Lihat saja, di sana ada aparat Imigrasi, Bea Cukai, Badan Karantina, kepolisian, otorita pelabuhan, syahbandar, otoritas kesehatan dan bahkan TNI AL. Mereka tidak menyadari, waktu yang hilang akibat pemeriksaan yang semenamena, berita negatif tentang negeri yang sungguh tidak efisien dan semuanya asyik main sendiri-sendiri serta kerugian ekonomi yang muncul akibat perilaku-perilaku buruk itu.

Mengurus laut adalah mengurus pelabuhan, transportasi, birokrasi dan logistiknya. Jika mengurus birokrasi pelabuhannya saja sudah ambu-radul, hampir pasti mengurus lautnya juga bakal kacau balau. Bagi saya, buruknya koordinasi di pelabuhan adalah potret dari lemahnya kepemimpinan kita.

Saya petik saja sebuah kutipan dari www.thinkexist.com , ”Leadership has to do with direction. Management has to do with the speed, coordination and logistics in going in that direction.” Jadi, menetapkan arah adalah tugas dari seorang pemimpin. Jika arahnya tak jelas, kecepatan dan koordinasi menjadi masalah. Juga, tak ada dukungan logistik untuk itu.

Optimalkan Potensi

Senin (29/9) lalu kita baru saja mengetuk palu untuk mengesahkan RUU Kelautan menjadi UU Kelautan. Hadirnya undang- undang ini, saya kira, patut menjadi catatan tersendiri. Sebab, sebetulnya kita sudah sejak 1999 memiliki portofolio menteri kelautan dan perikanan— meski waktu itu di era Pemerintahan Abdurrahman Wahid (1999-2001) namanya masih menteri eksplorasi laut.

Kemudian undang-undang itu juga baru hadir setelah kita 69 tahun merdeka. Jadi, begitu lama dan kita harus membayarnya dengan harga yang sangat mahal. Lihat saja, setiap tahun Indonesia harus menanggung rugi ratusan triliun rupiah akibat ikan-ikan kita dicuri oleh nelayan-nelayan asing. Semua akibat ketidakmampuan kita menjaga laut kita sendiri. Kita juga tidak berhasil memanfaatkan kekayaan laut secara optimal.

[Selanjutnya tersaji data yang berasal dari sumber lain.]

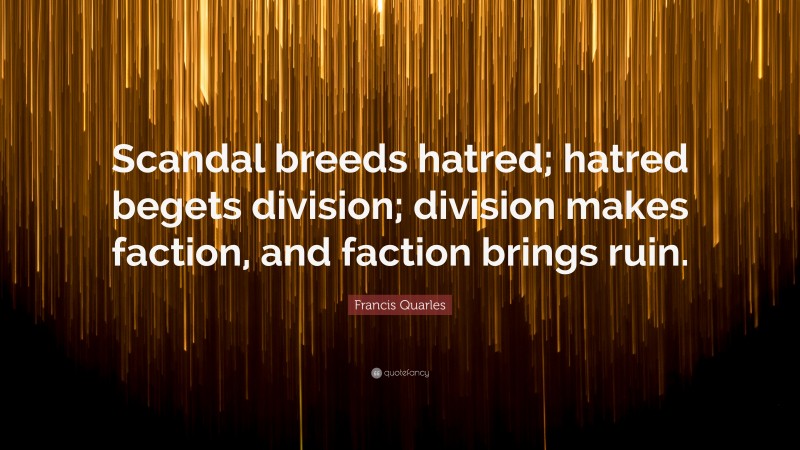 Francis Quarles Quote: “Scandal breeds hatred; hatred begets division; division makes faction, and faction brings ruin.”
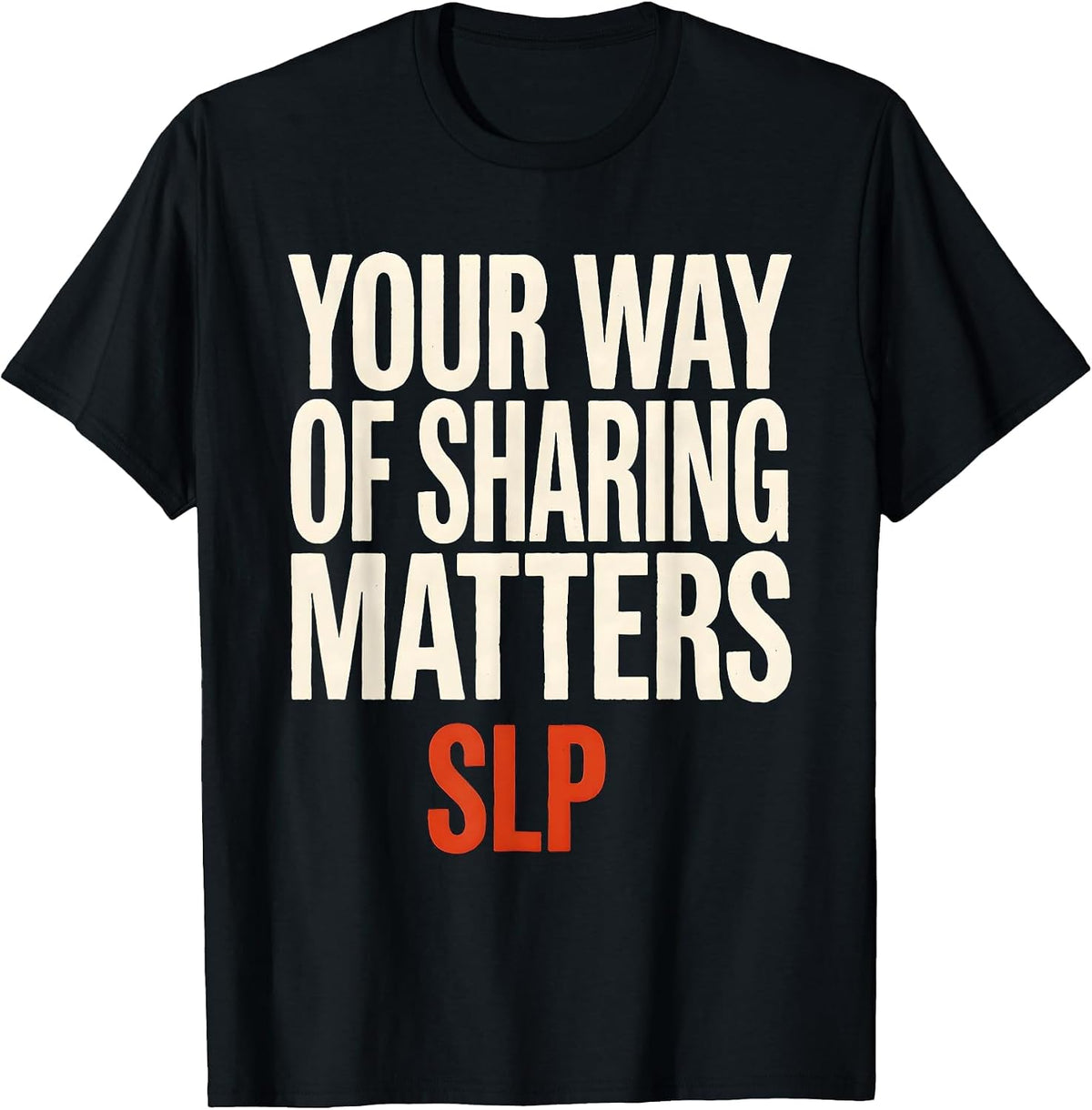 Men's Your Way Of Sharing Matters SLP Speech Therapist Workday T-Shirt - Black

Padahal, selain ikan, masih banyak kekayaan laut lainnya yang bisa kita eksplorasi. Misalnya, dalam bentuk sumber daya terbarukan, seperti rumput laut, hutan mangrove, atau terumbu karangnya. Laut kita juga menyimpan sumber daya alam yang tidak terbarukan, seperti minyak, gas serta hasil tambang dan mineral lain, yang belum kita eksplorasi. Kita masih tertinggal dalam pengembangan teknologi eksplorasi di laut dalam.

Kita juga belum berhasil mengonversi energi yang tersimpan di laut menjadi energi yang bisa kita pakai dalam kehidupan sehari-hari. Misalnya, dalam bentuk pembangkit listrik bertenaga arus laut, energi gelombang, atau bahkan dari panas laut. Kita juga belum mengoptimalkan potensi laut sebagai salah satu kekayaan wisata. Di sini wisata bahari belum berkembang sebagaimana layaknya wisata di daratan.

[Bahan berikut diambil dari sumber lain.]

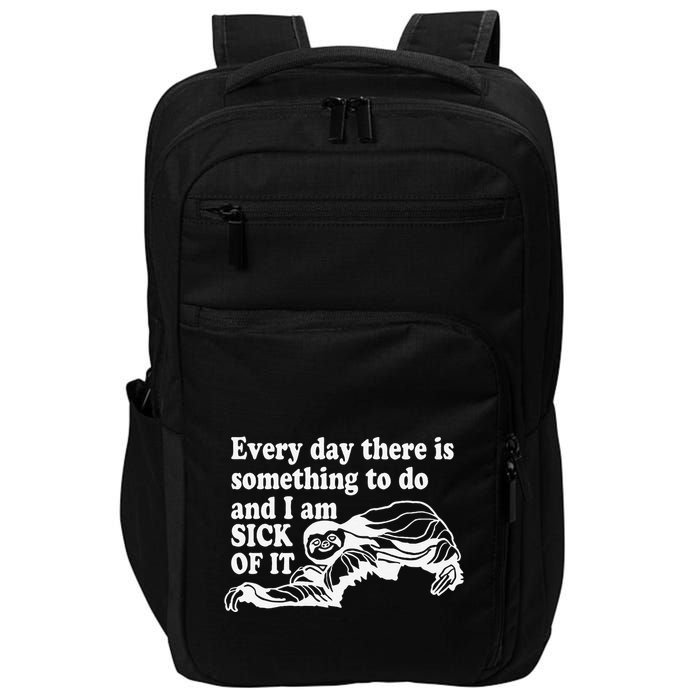 Every Day There Is Something To Do And I Am Sick Of It Funny Impact Tech Backpack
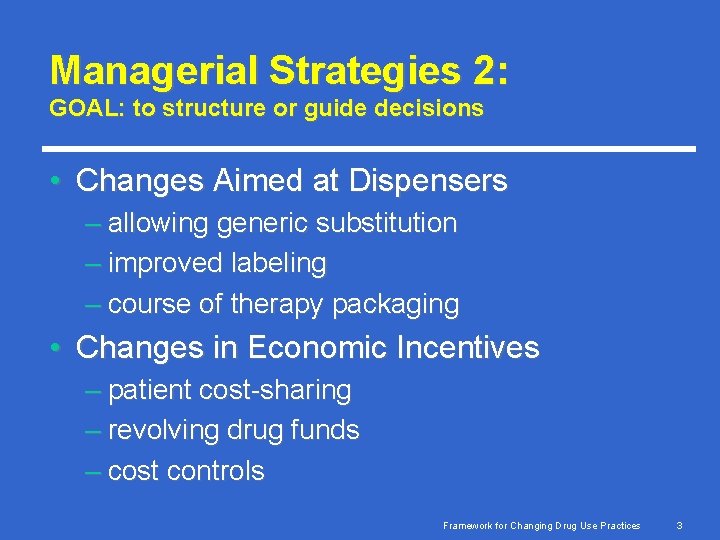 Managerial Strategies 2: GOAL: to structure or guide decisions • Changes Aimed at Dispensers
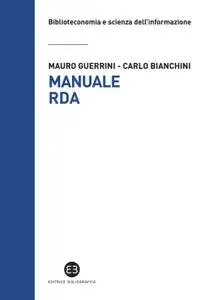 Mauro Guerrini, Carlo Bianchini - Manuale RDA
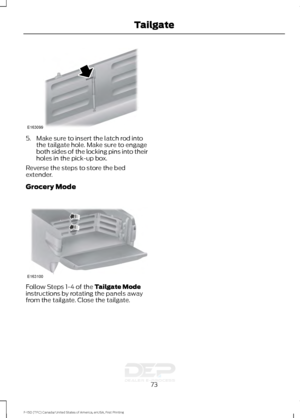 Page 765. Make sure to insert the latch rod into
the tailgate hole. Make sure to engage
both sides of the locking pins into their
holes in the pick-up box.
Reverse the steps to store the bed
extender.
Grocery Mode Follow Steps 1-4 of the Tailgate Mode
instructions by rotating the panels away
from the tailgate. Close the tailgate.
73
F-150 (TFC) Canada/United States of America, enUSA, First Printing TailgateE163099 E163100   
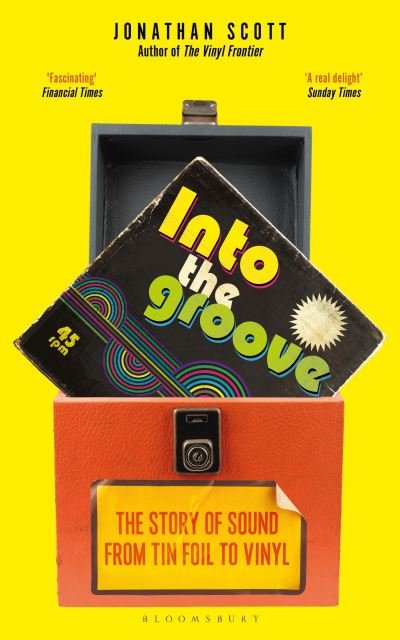Into the Groove: The Story of Sound From Tin Foil to Vinyl - Jonathan Scott - Livros - Bloomsbury Publishing PLC - 9781472979834 - 26 de setembro de 2024
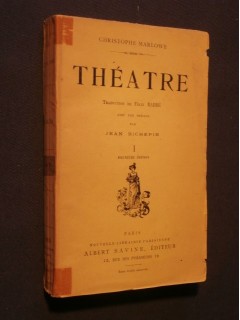 Théâtre de Marlowe, tome 1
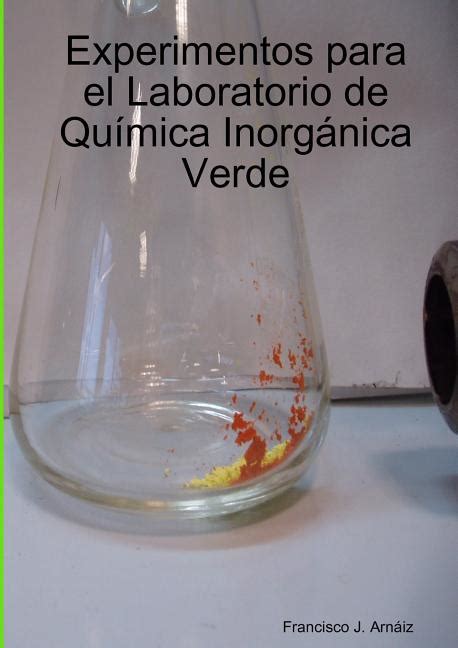 Experimentos para el Laboratorio de Química Inorgánica Verde Paperback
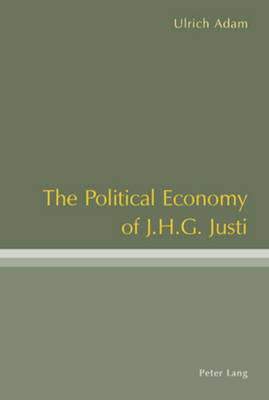 The Political Economy of J .H .G. Justi (Paperback)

Mungkin pengenalan kita akan laut baru sebatas pada pantai dan pulaupulaunya. Belum laut dengan kehidupan para nelayannya. Untuk memastikan hal itu, kita bisa mengujinya dengan cara sederhana. Cobalah minta anak-anak Anda untuk menggambar petani. Mereka akan dengan mudah menggambar seseorang yang berdiri di tengah sawah dengan memakai caping dan memanggul cangkul. Sekarang cobalah minta anak-anak kita menggambar sosok seorang nelayan? Sebagian mungkin akan kebingungan.

Snowball Effect

Baiklah kita bicara dalam potret global. Indonesia adalah negara kelautan yang ditaburi oleh sekitar 17.504 pulau. Saya menyebut ”sekitar” untuk menggambarkan betapa kita sebetulnya belum mempunyai data yang akurat soal jumlah pulau ini. Angka 17.504 pulau saya ambil dari data Kementerian Pertahanan. Data dari instansi lain hampir pasti akan berbeda-beda. Lokasi kita juga sungguh sangat strategis.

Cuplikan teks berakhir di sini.